▸ **What is expected**
For the records below, output word for word the lines from the one with "Obraz premium Glowing" up to and including the one with "Blue Lapis Necklace, Lapis". No pictures.

===== Supplied material

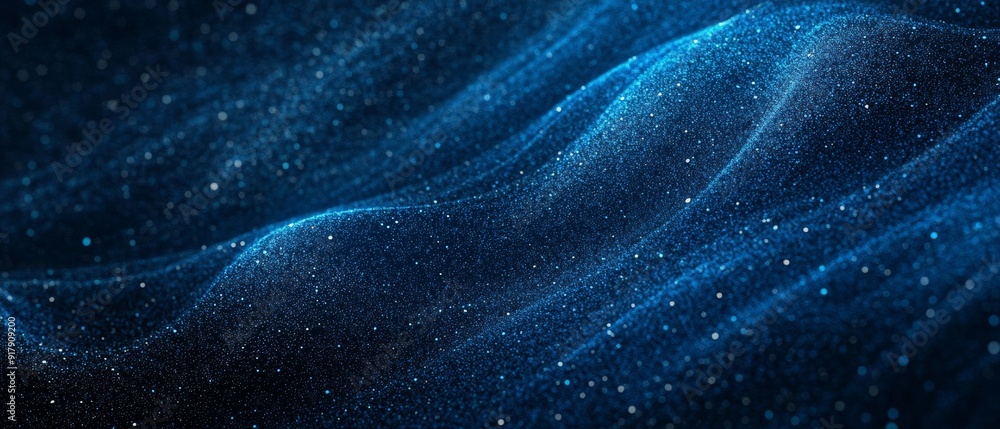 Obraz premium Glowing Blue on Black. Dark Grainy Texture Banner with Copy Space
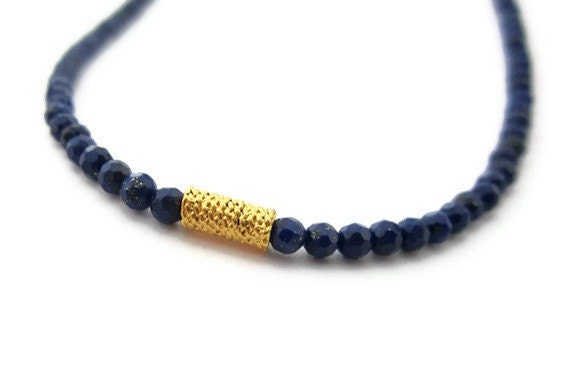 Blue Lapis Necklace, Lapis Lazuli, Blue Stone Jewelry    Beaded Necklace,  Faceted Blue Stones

==========
===== Supplied material

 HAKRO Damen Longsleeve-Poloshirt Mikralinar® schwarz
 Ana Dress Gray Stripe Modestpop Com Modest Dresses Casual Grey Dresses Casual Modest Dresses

==========
===== Supplied material

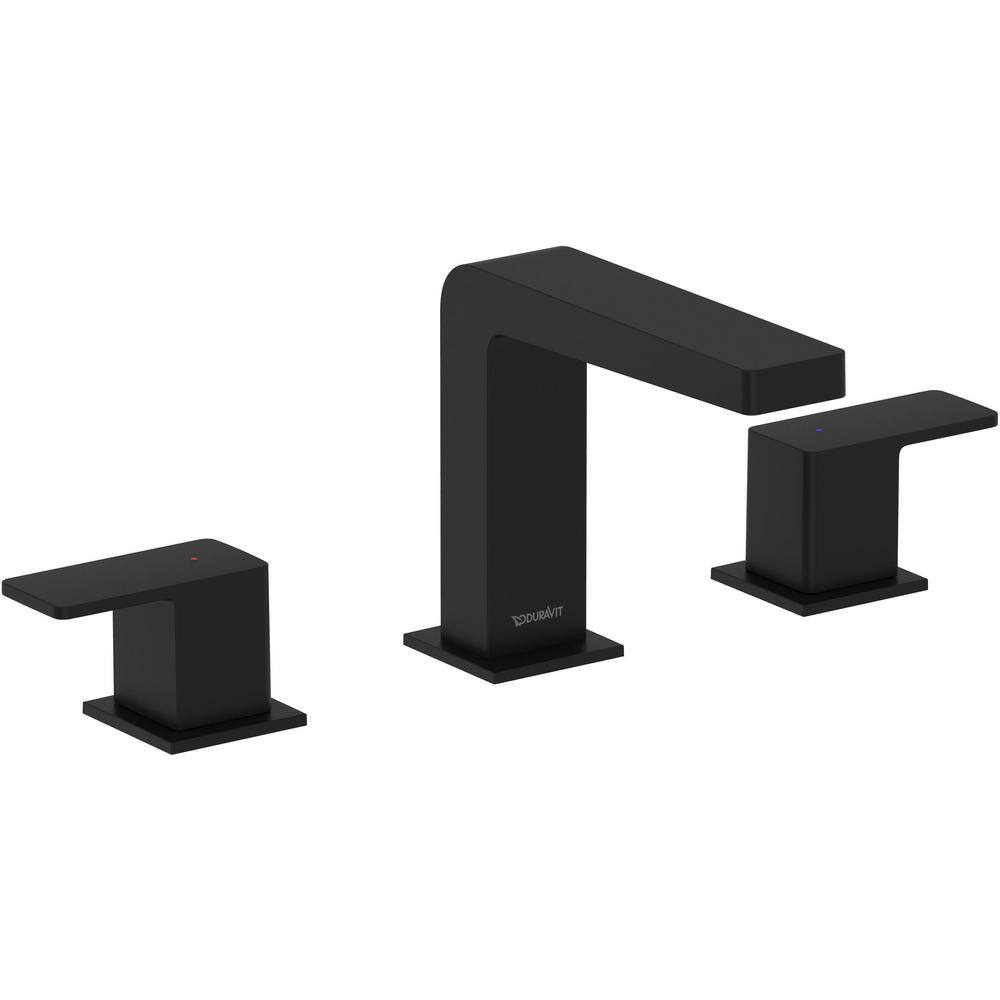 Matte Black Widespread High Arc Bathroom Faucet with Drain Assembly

==========

▸ **Written solution**
 Obraz premium Glowing Blue on Black. Dark Grainy Texture Banner with Copy Space
 Blue Lapis Necklace, Lapis Lazuli, Blue Stone Jewelry    Beaded Necklace,  Faceted Blue Stones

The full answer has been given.